In the past I was using a backup script which backups all the data and puts it into a ZIP file. However if something happens to the device or SD card, this means that I have to reinstall everything from scratch.

So I my idea was to buy another RPI and SD card and make an image of the original one every week. If the card in the RPI fails, I just have to plug in the backup card.

Creating the image


On Windows the easiest way to do a complete backup/image of your SD card is the "Win 32 Disk Imager" tool. Its free and you can download it here.
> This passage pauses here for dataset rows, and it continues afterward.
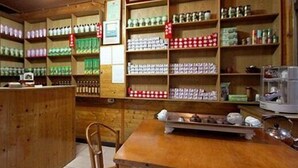 A small, wooden interior with shelves stocked with various products, a wooden table, and chairs. - Haoshengdi (Lugu)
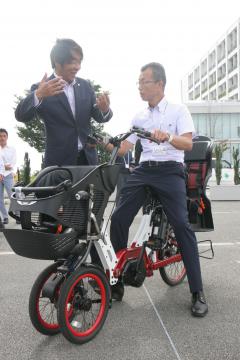 電動三輪車「トヨダトライク」の説明を受けるつくば市職員(右)=同市研究学園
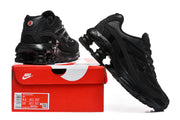 Black Nike Shox Ride 2 sneakers displayed with a red shoebox; the box label shows a sample size of US men's 8.5 and US women's 10.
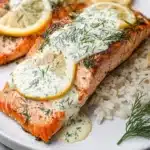Delicious salmon with lemon dill sauce on a plate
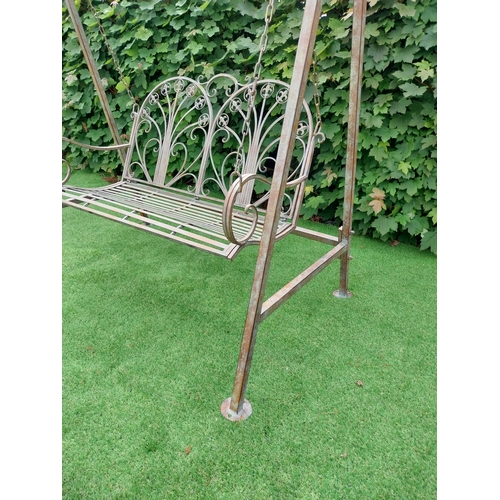 616 - Decorative bronzed painted wrought iron garden swing. {217 cm H x 147 cm W x 96 cm D}.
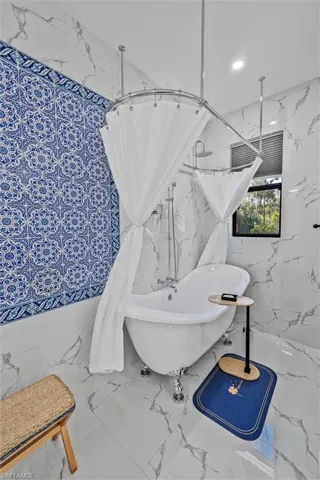 Clawfoot soaking tub with surrounding shower enclosure and rainfall showerhead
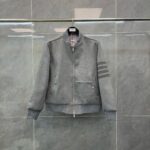 Giacca bomber grigia con zip, polsini a costine e dettagli sportivi sulle maniche.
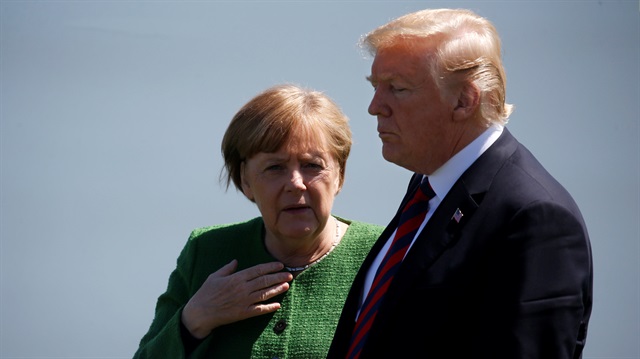  Germany's Chancellor Angela Merkel talks with U.S. President Donald Trump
The usage is very simple: put the SD card into your card reader, select folder and filename for the image file and select the correct drive number from the list.


To start the backup just click the "Read" button. The process takes some time, depending on the size and speed of your SD card.

The restore is also very simple. Insert the new SD card, select the drive number and hit the "Write" button.


OSX and Linux

On OSX creating an image of the SD card is also very simple. Just open the "Disk Utility", select the SD card on the left and click "New Image". The system prompts you for a location of the image.



On Linux (and OSX too), you can also backup from the command line using the DD command.

sudo dd if=/dev/rdisk1 of=~/Desktop/pi.img bs=1m

To find the correct device, you can use the diskutil command (OSX only):

diskutil list

This will output something like that:


You can find the correct device by looking for a Linux partition.

Note: There is no output of the DD command during the process. Also the image has the same size as the original SD card. So it makes sense to compress the image with ZIP or GZIP.


The restore is similar:

sudo dd if=/path/to/backup.img of=/dev/rdisk1 bs=1m

Once the restore is done to the new SD card, just put it into your Raspberry Pi and the system should boot as nothing happened.